The warm standby approach involves ensuring that there is a scaled down, but fully functional, copy of your production environment in another Region. This approach extends the pilot light concept and decreases the time to recovery because your workload is always-on in another Region. If the recovery Region is deployed at full capacity, then this is known as hot standby.
Multi-Region (multi-site) active-active (RPO near zero, RTO potentially zero): Your workload is deployed to, and actively serving traffic from, multiple AWS Regions. This strategy requires you to synchronize data across Regions. Possible conflicts caused by writes to the same record in two different regional replicas must be avoided or handled, which can be complex. Data replication is useful for data synchronization and will protect you against some types of disaster, but it will not protect you against data corruption or destruction unless your solution also includes options for point-in-time recovery.
You can run your workload simultaneously in multiple Regions as part of a multi-site active/active strategy. Multi-site active/active serves traffic from all regions to which it is deployed. Customers may select this strategy for reasons other than DR. It can be used to increase availability, or when deploying a workload to a global audience (to put the endpoint closer to users and/or to deploy stacks localized to the audience in that region).
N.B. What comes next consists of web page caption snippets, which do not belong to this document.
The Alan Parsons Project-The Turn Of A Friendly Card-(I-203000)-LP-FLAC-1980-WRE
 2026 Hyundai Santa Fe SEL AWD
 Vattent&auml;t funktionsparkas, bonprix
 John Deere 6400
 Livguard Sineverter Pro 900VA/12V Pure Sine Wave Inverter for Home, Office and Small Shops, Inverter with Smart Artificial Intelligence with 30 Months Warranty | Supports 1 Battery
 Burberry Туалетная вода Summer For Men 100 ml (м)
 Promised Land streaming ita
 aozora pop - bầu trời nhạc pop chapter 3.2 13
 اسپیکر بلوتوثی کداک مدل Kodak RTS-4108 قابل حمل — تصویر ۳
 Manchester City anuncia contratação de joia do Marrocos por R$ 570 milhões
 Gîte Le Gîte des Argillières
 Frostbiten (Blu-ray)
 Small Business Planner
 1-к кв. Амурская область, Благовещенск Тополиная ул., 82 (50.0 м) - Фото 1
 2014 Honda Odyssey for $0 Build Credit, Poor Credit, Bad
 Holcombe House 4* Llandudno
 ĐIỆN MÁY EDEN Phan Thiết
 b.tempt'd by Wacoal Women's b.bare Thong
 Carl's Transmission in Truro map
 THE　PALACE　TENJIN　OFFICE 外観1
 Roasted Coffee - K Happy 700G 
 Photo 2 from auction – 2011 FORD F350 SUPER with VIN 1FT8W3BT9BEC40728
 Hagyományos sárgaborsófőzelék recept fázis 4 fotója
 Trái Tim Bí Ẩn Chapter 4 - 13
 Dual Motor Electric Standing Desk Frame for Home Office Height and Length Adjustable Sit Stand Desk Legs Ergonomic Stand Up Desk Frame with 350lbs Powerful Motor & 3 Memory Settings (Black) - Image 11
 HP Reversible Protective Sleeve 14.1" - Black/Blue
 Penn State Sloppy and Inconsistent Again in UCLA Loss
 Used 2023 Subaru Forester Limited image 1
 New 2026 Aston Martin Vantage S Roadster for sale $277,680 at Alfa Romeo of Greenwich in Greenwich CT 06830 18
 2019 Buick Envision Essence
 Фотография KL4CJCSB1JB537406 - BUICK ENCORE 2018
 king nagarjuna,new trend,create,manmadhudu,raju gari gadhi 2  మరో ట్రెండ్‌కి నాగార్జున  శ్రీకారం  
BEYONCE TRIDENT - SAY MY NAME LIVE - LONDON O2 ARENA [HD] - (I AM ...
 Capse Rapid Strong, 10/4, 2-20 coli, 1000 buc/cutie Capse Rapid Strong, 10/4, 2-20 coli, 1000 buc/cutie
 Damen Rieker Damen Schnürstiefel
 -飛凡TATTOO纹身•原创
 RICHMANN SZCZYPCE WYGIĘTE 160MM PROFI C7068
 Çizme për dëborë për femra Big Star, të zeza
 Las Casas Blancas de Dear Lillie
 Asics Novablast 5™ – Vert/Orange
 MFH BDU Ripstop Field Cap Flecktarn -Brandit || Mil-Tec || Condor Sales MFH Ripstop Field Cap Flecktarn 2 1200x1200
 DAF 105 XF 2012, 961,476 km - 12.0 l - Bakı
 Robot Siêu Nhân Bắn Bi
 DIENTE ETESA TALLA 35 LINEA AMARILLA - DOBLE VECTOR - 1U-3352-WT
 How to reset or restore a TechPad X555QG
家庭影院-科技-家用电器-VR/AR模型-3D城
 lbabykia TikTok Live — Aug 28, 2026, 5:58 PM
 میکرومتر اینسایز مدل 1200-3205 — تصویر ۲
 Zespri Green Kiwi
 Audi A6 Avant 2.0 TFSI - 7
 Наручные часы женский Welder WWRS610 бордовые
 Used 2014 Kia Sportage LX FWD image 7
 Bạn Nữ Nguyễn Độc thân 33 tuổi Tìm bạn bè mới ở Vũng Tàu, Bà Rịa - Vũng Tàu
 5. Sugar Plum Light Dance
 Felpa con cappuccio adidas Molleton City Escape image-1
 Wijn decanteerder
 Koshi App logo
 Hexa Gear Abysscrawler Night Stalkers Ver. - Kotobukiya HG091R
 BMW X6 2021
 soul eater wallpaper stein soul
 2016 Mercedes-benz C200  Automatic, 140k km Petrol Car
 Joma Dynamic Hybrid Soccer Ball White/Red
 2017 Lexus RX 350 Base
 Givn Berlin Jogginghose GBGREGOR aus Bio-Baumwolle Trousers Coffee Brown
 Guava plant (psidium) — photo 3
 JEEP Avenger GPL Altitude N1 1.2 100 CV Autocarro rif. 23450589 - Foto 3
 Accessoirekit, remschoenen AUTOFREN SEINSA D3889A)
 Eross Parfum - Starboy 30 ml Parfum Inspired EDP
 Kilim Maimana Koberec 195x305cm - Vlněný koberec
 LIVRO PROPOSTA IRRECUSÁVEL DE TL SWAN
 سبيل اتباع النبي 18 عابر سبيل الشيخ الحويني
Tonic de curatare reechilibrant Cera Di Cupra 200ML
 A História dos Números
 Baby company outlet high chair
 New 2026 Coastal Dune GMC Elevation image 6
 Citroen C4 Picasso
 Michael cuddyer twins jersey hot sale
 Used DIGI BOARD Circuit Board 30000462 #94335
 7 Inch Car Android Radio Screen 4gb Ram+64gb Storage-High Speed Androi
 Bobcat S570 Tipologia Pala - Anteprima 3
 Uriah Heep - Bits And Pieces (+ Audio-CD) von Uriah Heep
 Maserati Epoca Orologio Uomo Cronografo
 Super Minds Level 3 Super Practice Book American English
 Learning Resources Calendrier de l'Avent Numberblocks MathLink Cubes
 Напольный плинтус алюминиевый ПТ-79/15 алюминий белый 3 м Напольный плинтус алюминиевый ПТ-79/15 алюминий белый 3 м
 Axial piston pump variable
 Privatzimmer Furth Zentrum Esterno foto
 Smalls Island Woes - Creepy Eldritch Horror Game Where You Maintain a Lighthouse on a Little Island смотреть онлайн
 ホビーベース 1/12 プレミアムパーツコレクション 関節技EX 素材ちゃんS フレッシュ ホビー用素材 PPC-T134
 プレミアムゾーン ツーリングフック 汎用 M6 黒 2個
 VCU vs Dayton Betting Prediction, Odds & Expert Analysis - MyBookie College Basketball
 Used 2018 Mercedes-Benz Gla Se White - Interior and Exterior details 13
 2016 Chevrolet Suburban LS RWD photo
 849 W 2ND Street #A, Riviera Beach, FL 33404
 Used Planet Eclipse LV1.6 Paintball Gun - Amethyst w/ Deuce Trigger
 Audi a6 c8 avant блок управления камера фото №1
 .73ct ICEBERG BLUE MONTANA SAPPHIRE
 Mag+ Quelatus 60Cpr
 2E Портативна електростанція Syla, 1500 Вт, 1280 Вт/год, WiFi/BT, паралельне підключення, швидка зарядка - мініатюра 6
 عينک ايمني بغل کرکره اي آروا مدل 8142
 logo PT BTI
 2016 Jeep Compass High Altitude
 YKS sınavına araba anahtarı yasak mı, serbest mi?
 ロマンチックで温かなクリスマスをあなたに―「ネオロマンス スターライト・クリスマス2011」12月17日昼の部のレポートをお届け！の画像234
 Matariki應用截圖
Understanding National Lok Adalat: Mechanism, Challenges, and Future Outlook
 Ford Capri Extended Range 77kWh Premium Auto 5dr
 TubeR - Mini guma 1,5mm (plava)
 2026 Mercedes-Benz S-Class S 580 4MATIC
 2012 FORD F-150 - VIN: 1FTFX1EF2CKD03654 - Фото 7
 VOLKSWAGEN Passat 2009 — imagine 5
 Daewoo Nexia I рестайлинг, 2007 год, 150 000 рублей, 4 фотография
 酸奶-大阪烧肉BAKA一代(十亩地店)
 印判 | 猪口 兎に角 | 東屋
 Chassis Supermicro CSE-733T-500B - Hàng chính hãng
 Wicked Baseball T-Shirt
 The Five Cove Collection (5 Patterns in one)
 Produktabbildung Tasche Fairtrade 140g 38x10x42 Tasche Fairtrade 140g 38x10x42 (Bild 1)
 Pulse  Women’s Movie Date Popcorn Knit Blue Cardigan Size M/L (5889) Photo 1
As a DR strategy, if the workload cannot be supported in one of the AWS Regions to which it is deployed, then that Region is evacuated, and the remaining Regions are used to maintain availability. Multi-site active/active is the most operationally complex of the DR strategies, and should only be selected when business requirements necessitate it.
Determine a DR strategy that will satisfy recovery requirements for this workload.
Choosing a DR strategy is a trade-off between reducing downtime and data loss (RTO and RPO) and the cost and complexity of implementing the strategy. You should avoid implementing a strategy that is more stringent than it needs to be, as this incurs unnecessary costs.
For example, in the following diagram, the business has determined their maximum permissible RTO as well as the limit of what they can spend on their service restoration strategy. Given the business’ objectives, the DR strategies pilot light or warm standby will satisfy both the RTO and the cost criteria.